1/09/2006

Samuel Alito Had No Problem Removing Other Judges From Cases:
Man, it must be so fuckin' great to be Sammy Alito. Motherfucker can say anything and conservatives'll have his back en masse. Alito can say to Diane Feinstein about his statement on a job app that he hates him some Roe v. Wade, according to Feinstein, "I was an advocate seeking a job, it was a political job and that was 1985." And the right wing acts like he lied that he had french fryer experience on a Wendy's application - c'mon, it was twenty years ago, who cares, he was a kid, Ed Meese's jowls hypnotized him, what do ya want from the boy?

Sammy Alito can write in his questionnaire for his circuit court nomination in 1990, stating plainly, clearly, that he'd "disqualify himself from any cases involving the Vanguard companies," which seemed reasonable since Alito had, like, hundreds of thousands of dollars invested with Vanguard funds. Then he can rule in favor of Vanguard in 2002, a case he got "due to a computer error" that should have warned him that Vanguard was involved. Sammy went ahead to rule on the case, even though Vanguard was the defendant, which means he either lied to the Senate or he didn't read the list of involved parties at the top of the brief, which says, "The Vanguard Group Inc., Vanguard Fiduciary Trust Company, and Vanguard/Morgan Growth Fund Inc." But the White House says that if you dare question Sammy's ethics, you are just a tarnisher to the shiny essence of Alito, you tarnisher, you.
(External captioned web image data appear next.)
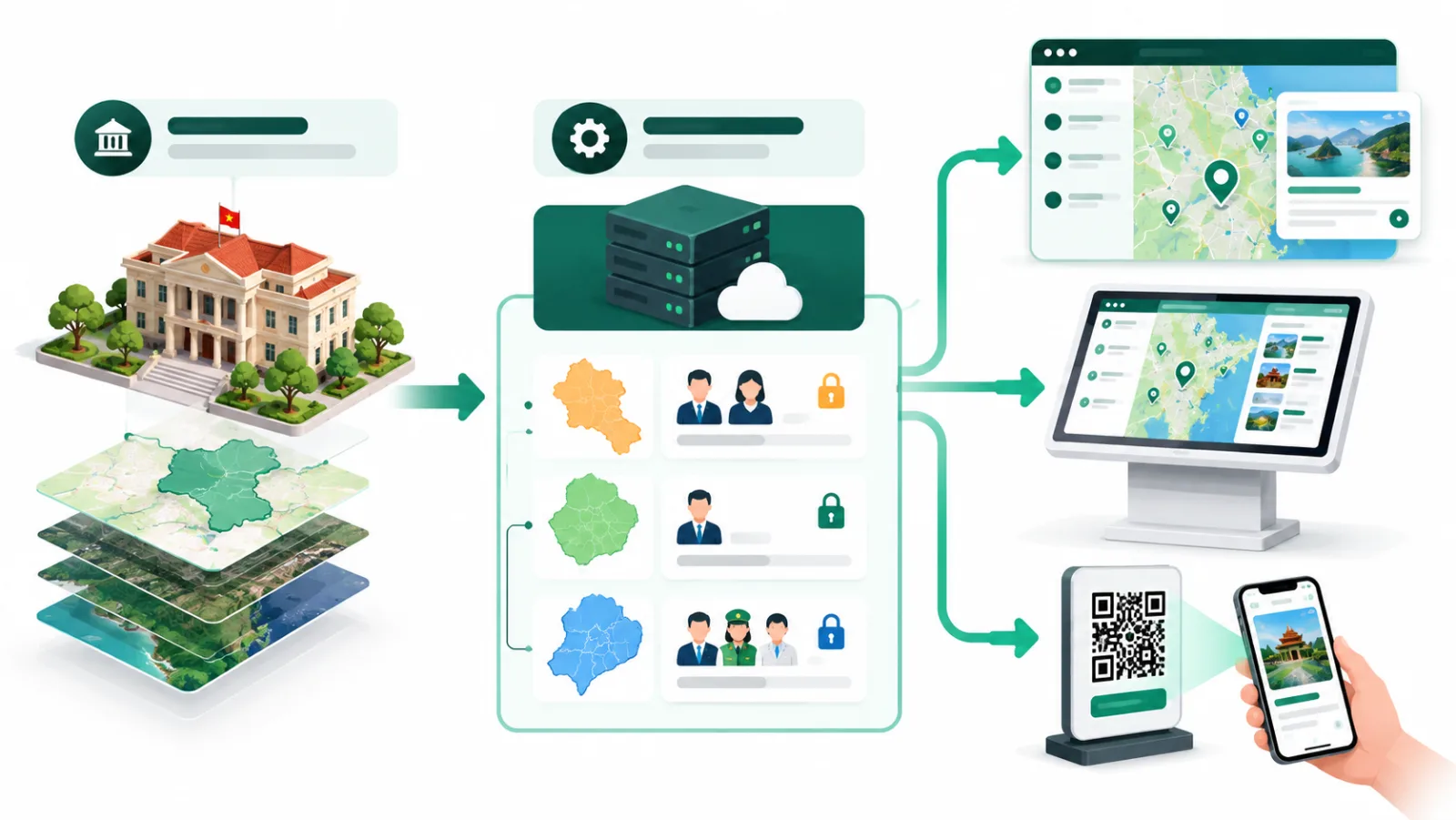 Sơ đồ luồng dữ liệu bản đồ số hành chính: cơ quan chuyên môn, CMS phân quyền theo cấp, rồi web, kiosk và mã QR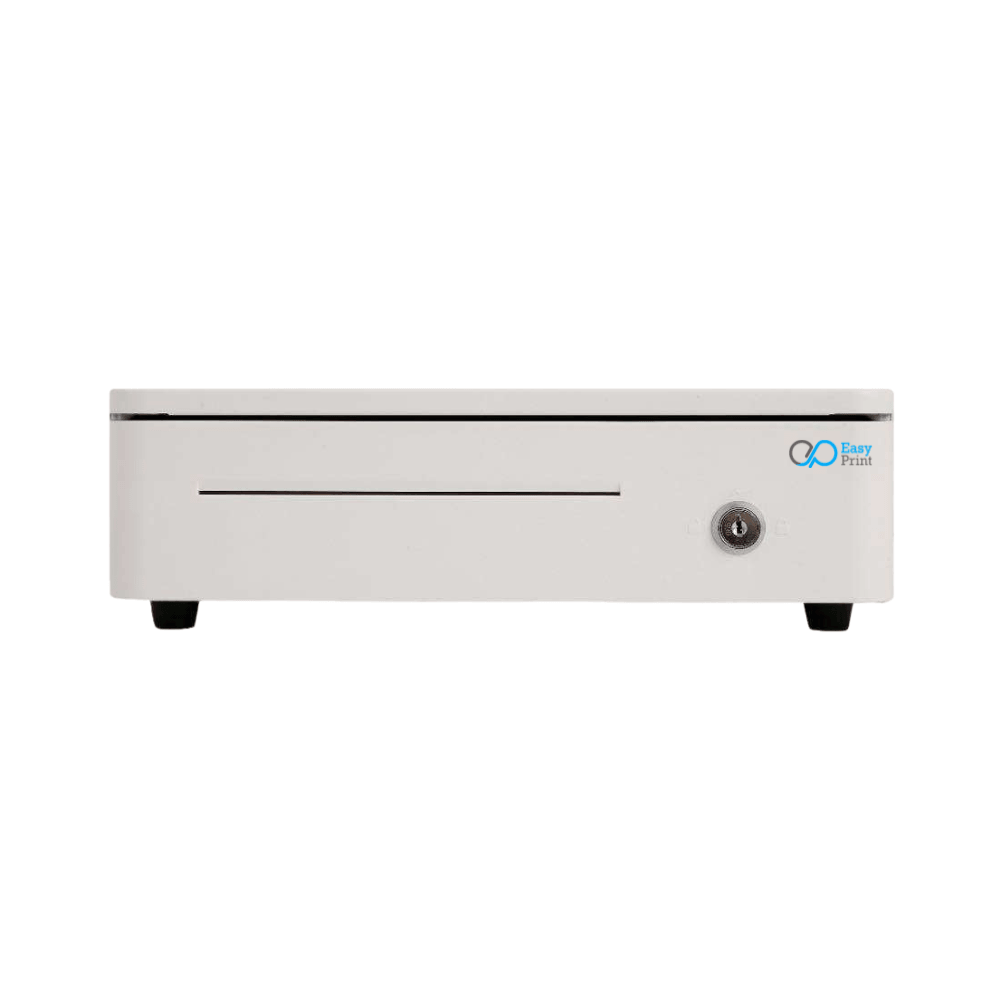 ลิ้นชักเก็บเงิน EASYPRINT รุ่น CD-330 สีขาว 4 ช่องธนบัตรขนาดใหญ่ 4 ช่องเหรียญ RJ11 12/24V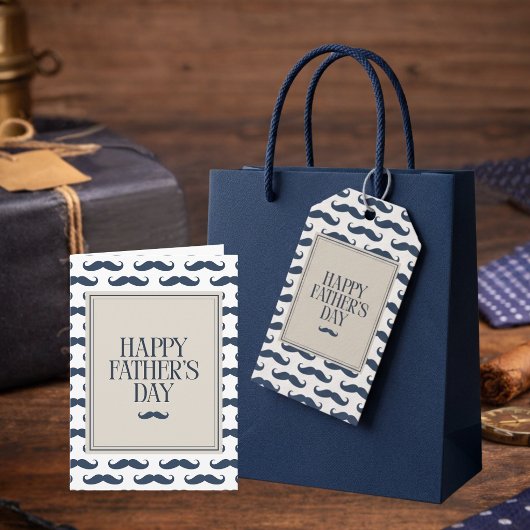 Navy Blue Mustache Pattern Happy Father's Day カード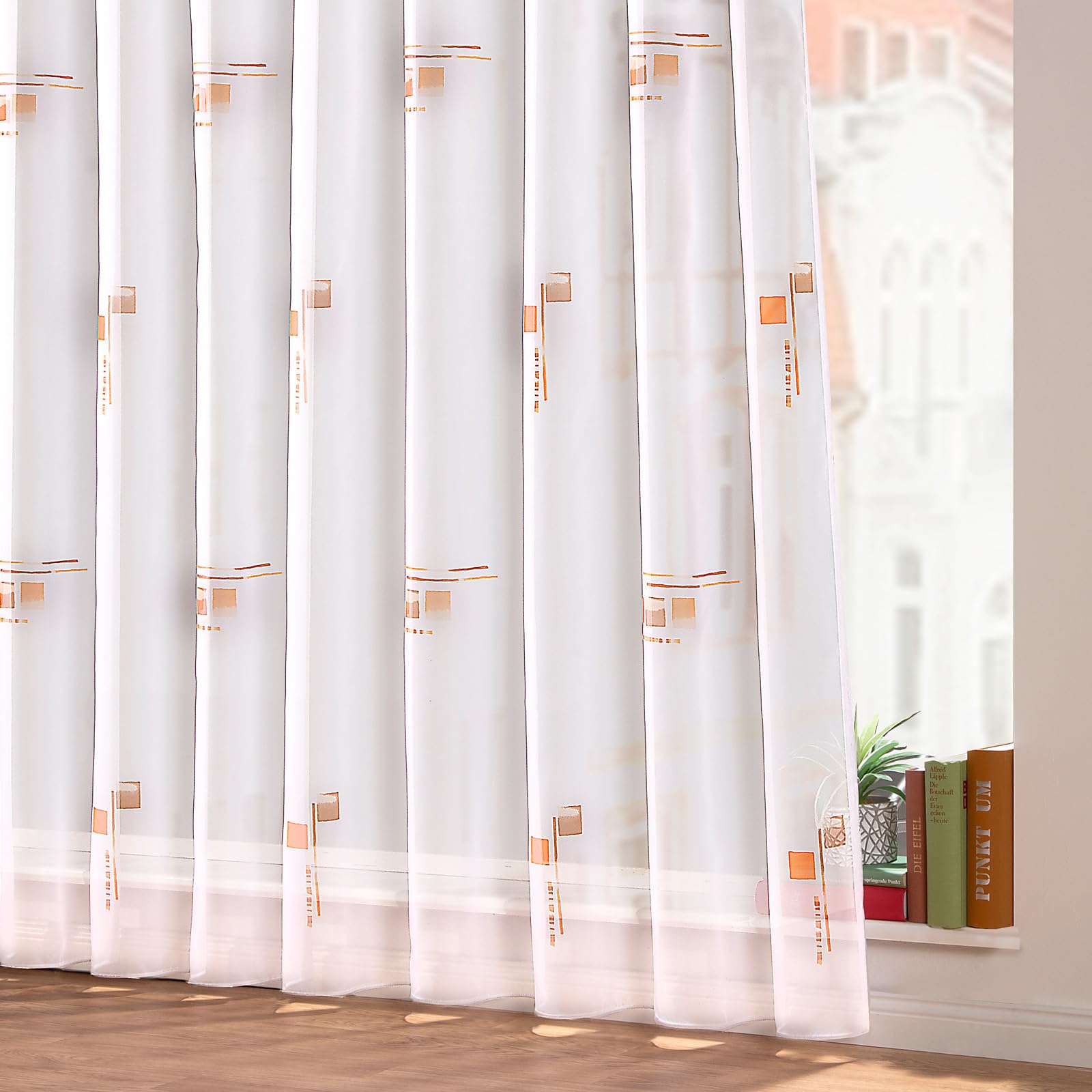 heimtexland ® Gardinen Store Voile Smokband Vorhang transparent Bleiband Fertiggardine Typ873 Orange HxB 175x500 cm
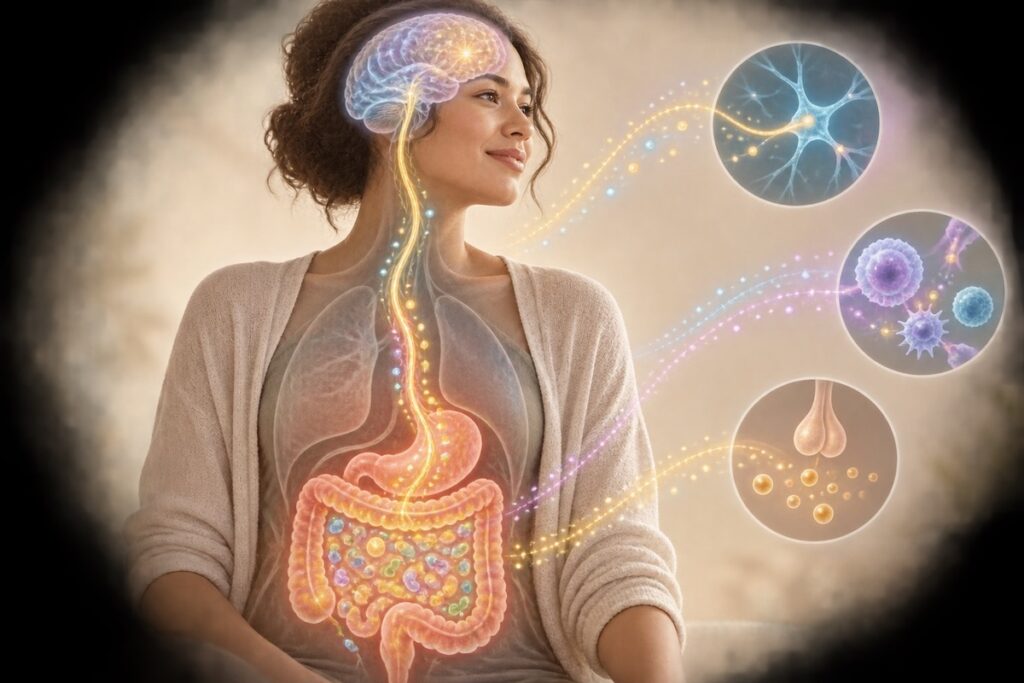 Sketch of woman that demonstrates how gut is talking to the brain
It's sort of like promising your brother that you won't fuck anyone who ever fucked him and then you meet a hot blonde in a bar who you take back to your place, and during the foreplay, she says that you look just like your brother, who she fucked. And then you fuck her anyways. In the morning, you gotta look in the mirror and admit, "Well, fuck, guess I was full of shit on that promise." This ain't even to say the deep pit of shit you stepped in when you gotta face your brother, who's gonna find out, oh, hell, yeah, he's gonna find out. And you'll have to decide if you deserve the ass-kickin' you're gonna get.

Sammy Alito, though, he's an ethical man. On the Third Circuit Court, he had no problem forcing lower court judges off cases where there was an appearance of bias. Take the 1992 example of District Judge H. Lee Sarokin, who for eight years oversaw a tobacco litigation case, Haines v. Liggett Group. According to the November 1992 ABA Journal, Sarokin, ruling on a technical matter on document discovery in the case, was a bit too forceful in his language, saying, "[D]espite some rising pretenders, the tobacco industry may be the king of concealment and disinformation...All too often in the choice between the physical health of consumers and the financial well-being of business, concealment is chosen over disclosure, sales over safety, and money over morality" Which is like saying that if one sucks cocks, one is a cocksucker, but it was enough for the Third Circuit Court and Sammy Alito to force Sarokin off the case, perhaps rightly so, but this ain't about that action. It's about the man who was part of committing it.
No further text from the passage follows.